TRY IT: Exactly as written, output each of the lines below, with no images.

DATA SECTION:
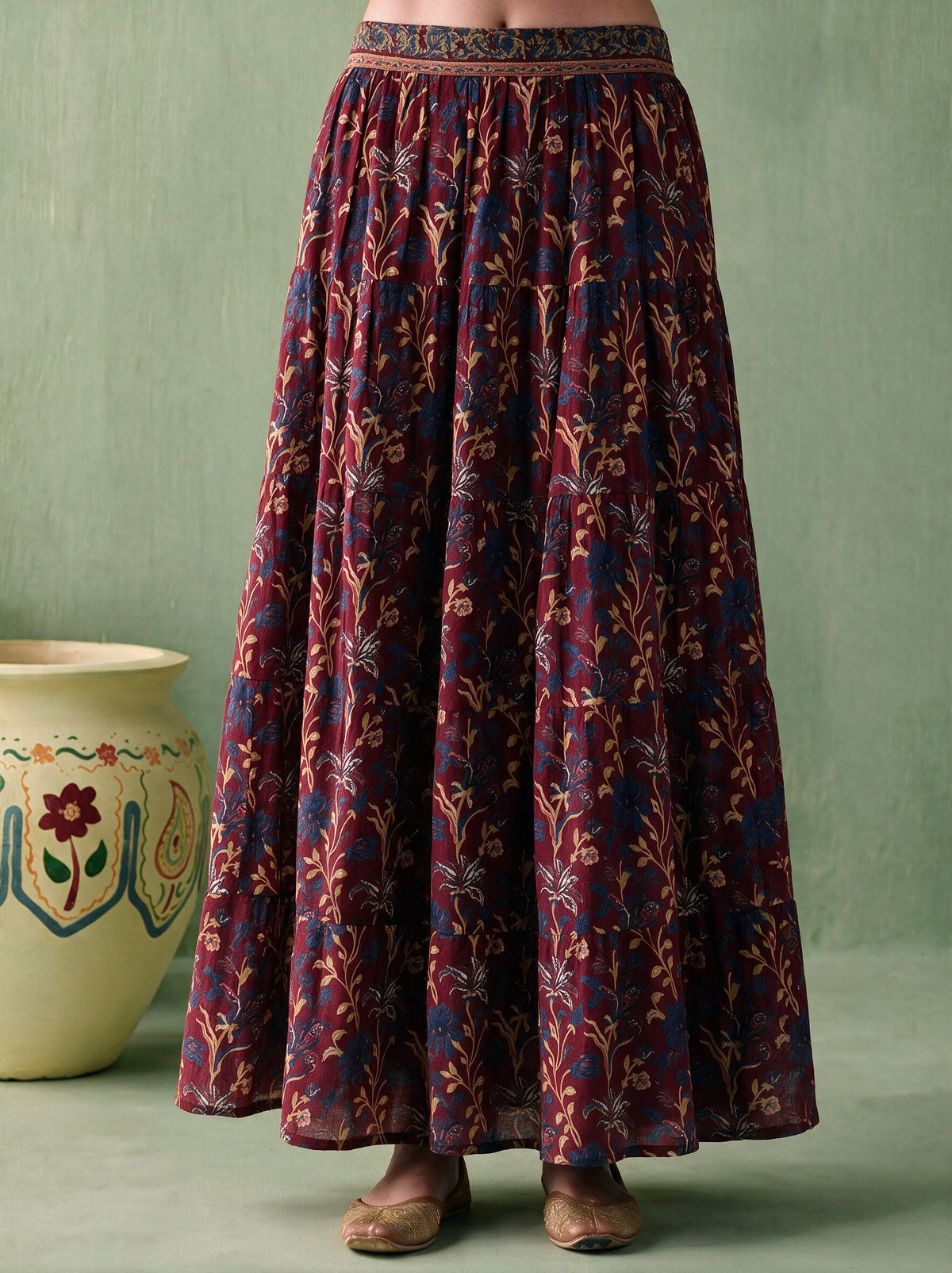 Juniper Women NAVY & MAROON TOP SKIRT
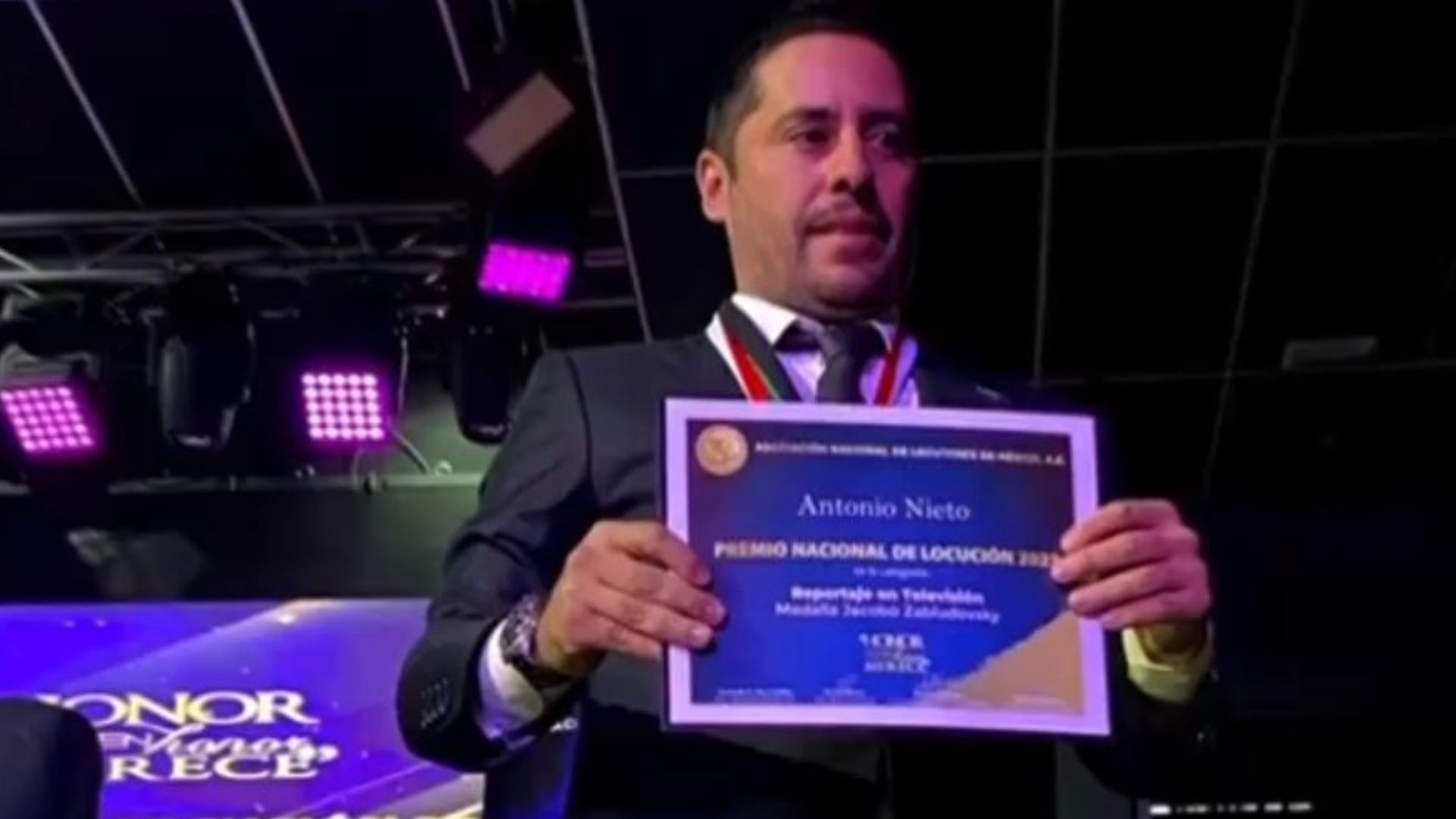 Antonio Nieto, reportero de investigaciones especiales de Despierta de Nmás, fue reconocido con la medalla Jacobo Zabludovsky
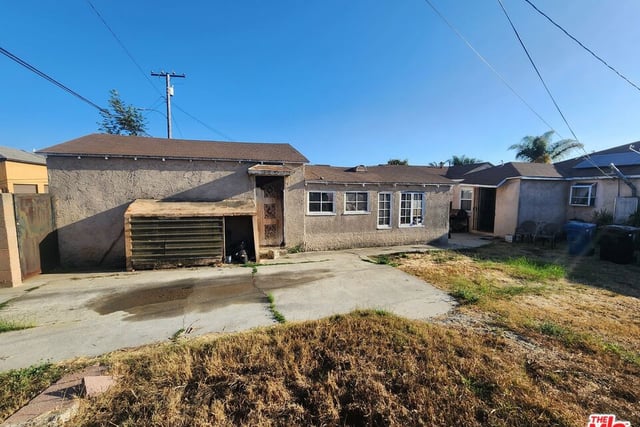 11016 S Manhattan Place, Los Angeles, CA 90047 — photo 8 of 12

REPLY:
 Juniper Women NAVY & MAROON TOP SKIRT
 Antonio Nieto, reportero de investigaciones especiales de Despierta de Nmás, fue reconocido con la medalla Jacobo Zabludovsky
 11016 S Manhattan Place, Los Angeles, CA 90047 — photo 8 of 12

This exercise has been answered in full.